BOS Brands (Pty) Ltd
- Company type: Public
- Founded: 2010
- Founder: Grant Rushmere, Richard Bowsher
- Headquarters: Woodstock, Cape Town, South Africa
- Area served: South Africa, Europe, Asia, United States
- Key people: Grant Rushmere, Richard Bowsher, David Evans
- Website: www.bosicetea.com

= BOS Ice Tea =

South African brand of ice tea

BOS is a South African based ice tea brand that uses organic rooibos as the primary ingredient. The company was established by Grant Rushmere and Richard Bowsher, a rooibos tea farmer and an entrepreneur, respectively. The initial selection of ice teas was introduced in June 2010. BOS's headquarters are situated in Woodstock, Cape Town.

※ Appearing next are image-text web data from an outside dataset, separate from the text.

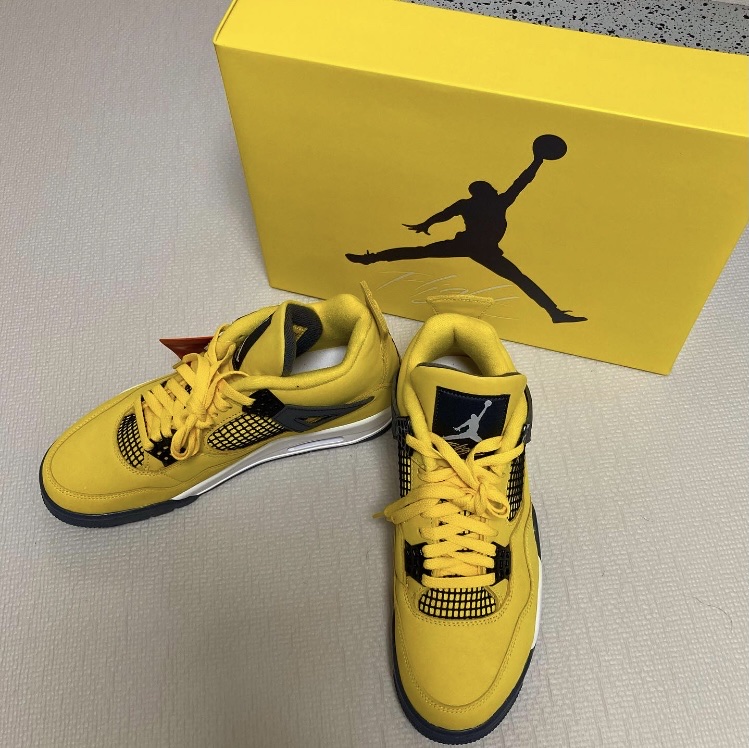 Jordan 4 Retro Tour Yellow 착용 스타일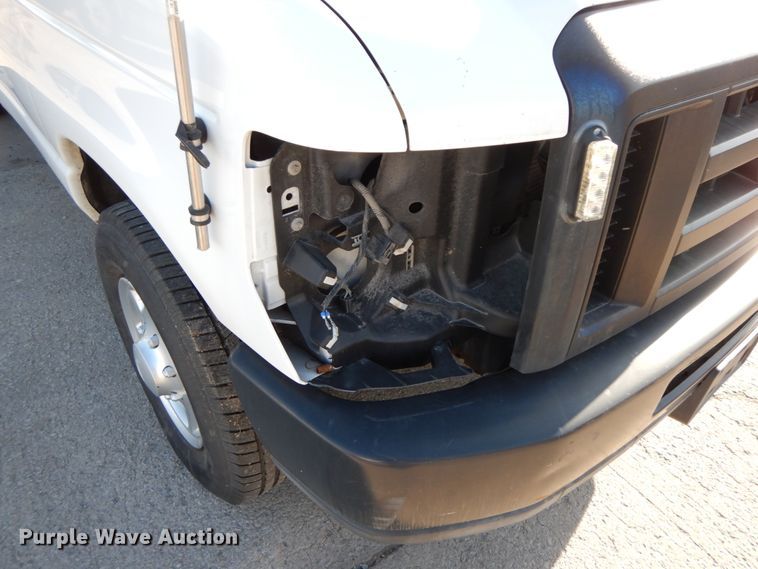 image for item HE9888 2010 Ford E350 Super Duty  van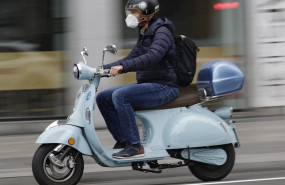 ep imagen de un motociclista en madrid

Alex Ferguson, former manager of Manchester United F.C., is listed as an investor.

==Sustainability==
BOS plants and maintains one tree for every 2,000 units sold. As of January 2019 the company has planted over 20,000 trees in leafless areas of South Africa.

==Products==
The rooibos used in BOS is sourced from Klip Op Mekaar Rooibos Farm in the Cederberg Mountains in the Western Cape. The ice tea is made in six flavors:
- Lemon
- Peach
- Berry
- Ginger
- Yuzu
- Lime

BOS Sport, a sports drink range, was launched in January 2014 with four flavors:
- Lemon Lime
- Mandarin Orange
- Red Berry
- Blueberry

==Distribution==
Since its launch in mid-2010, BOS has become popular in South Africa, and is now on sale in most retail outlets nationwide. In 2013, BOS launched in Belgium and the Netherlands, and plans to further expand into other African countries. Since mid 2015, BOS is also available in Singapore and the rest of Southeast Asia. In 2018, BOS made its United States market debut by launching in California.